Brief
Looking at the material below, work out how many of its lines hold the string "ritmo". Give that figure alone.

Start of Block

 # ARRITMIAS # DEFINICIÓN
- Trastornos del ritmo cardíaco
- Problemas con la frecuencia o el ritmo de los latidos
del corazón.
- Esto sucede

End of Block
Start of Block

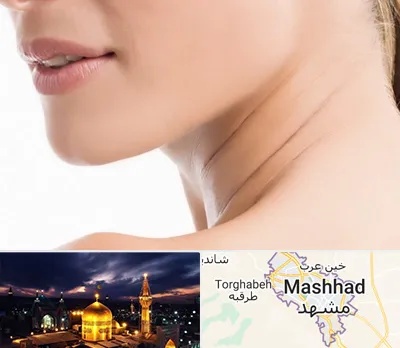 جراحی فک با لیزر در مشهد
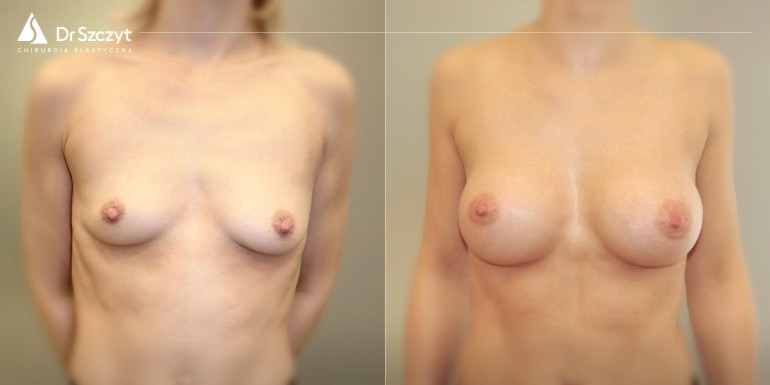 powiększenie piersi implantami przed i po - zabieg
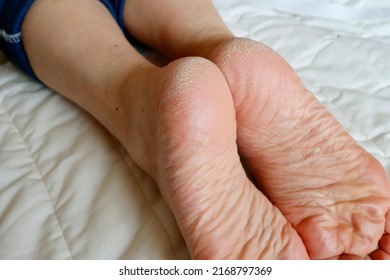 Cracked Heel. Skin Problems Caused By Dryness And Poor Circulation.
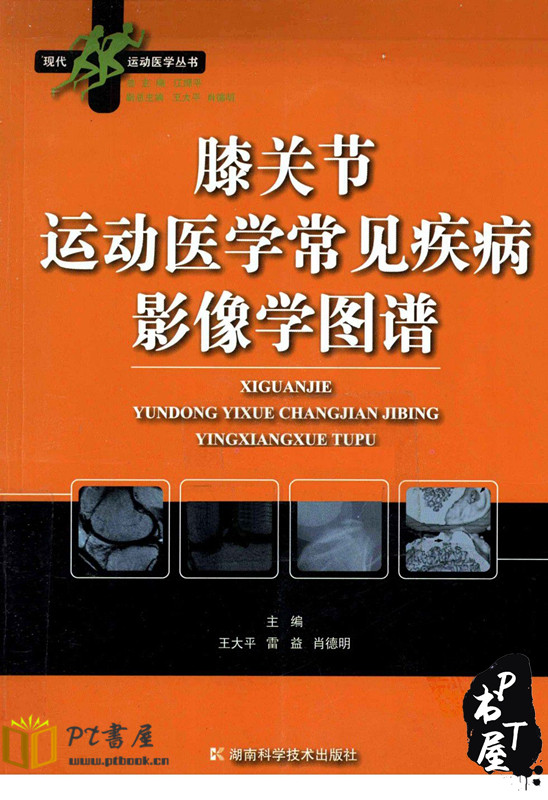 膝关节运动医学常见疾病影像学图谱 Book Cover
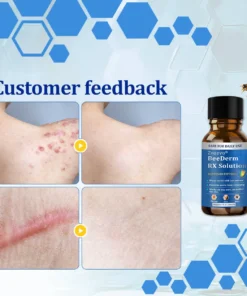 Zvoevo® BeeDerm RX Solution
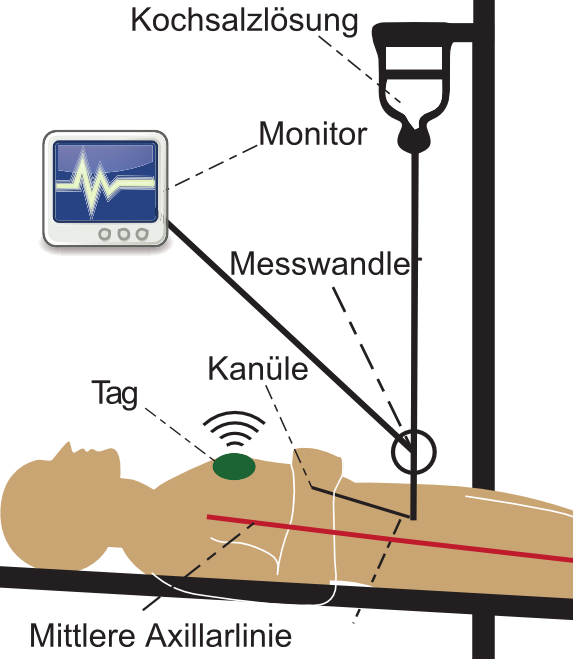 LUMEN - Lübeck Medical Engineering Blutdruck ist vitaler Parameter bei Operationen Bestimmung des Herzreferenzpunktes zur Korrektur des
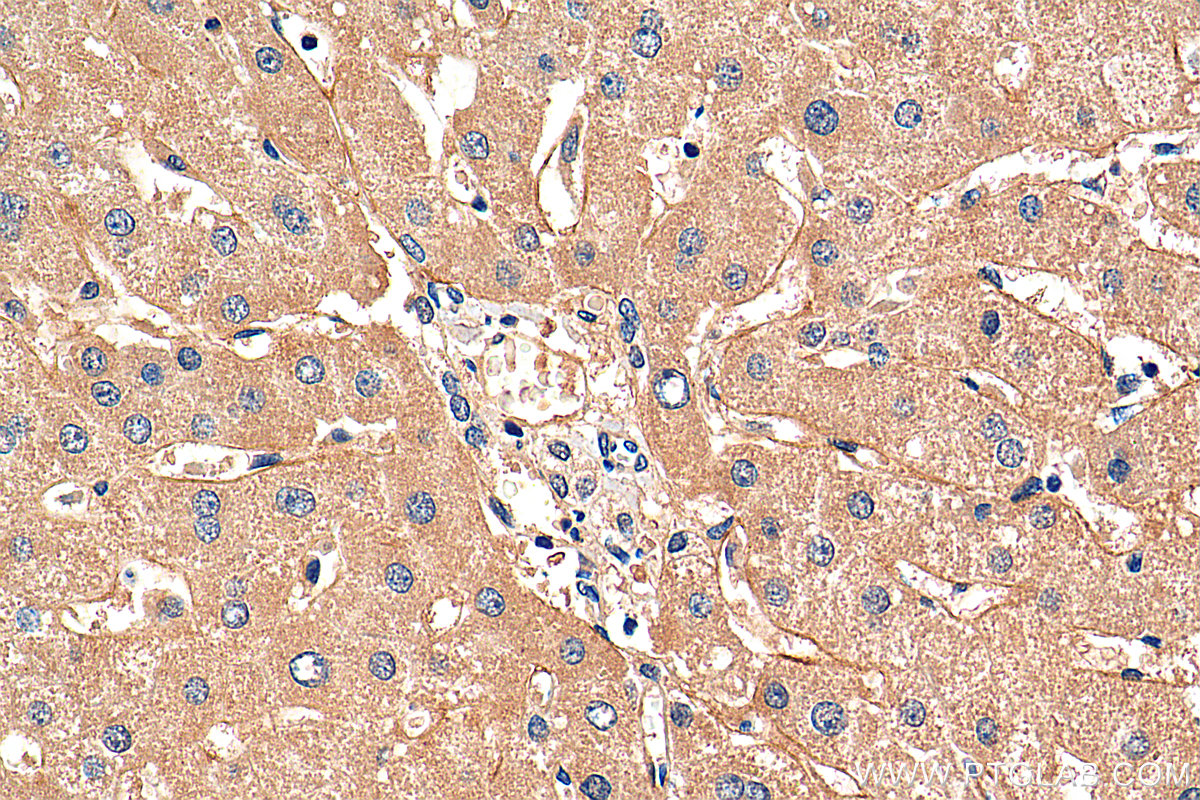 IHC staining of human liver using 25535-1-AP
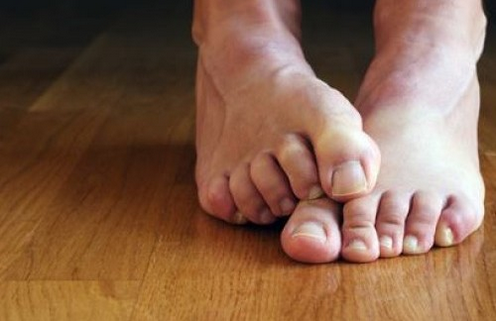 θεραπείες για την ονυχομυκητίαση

End of Block

Solved problem
2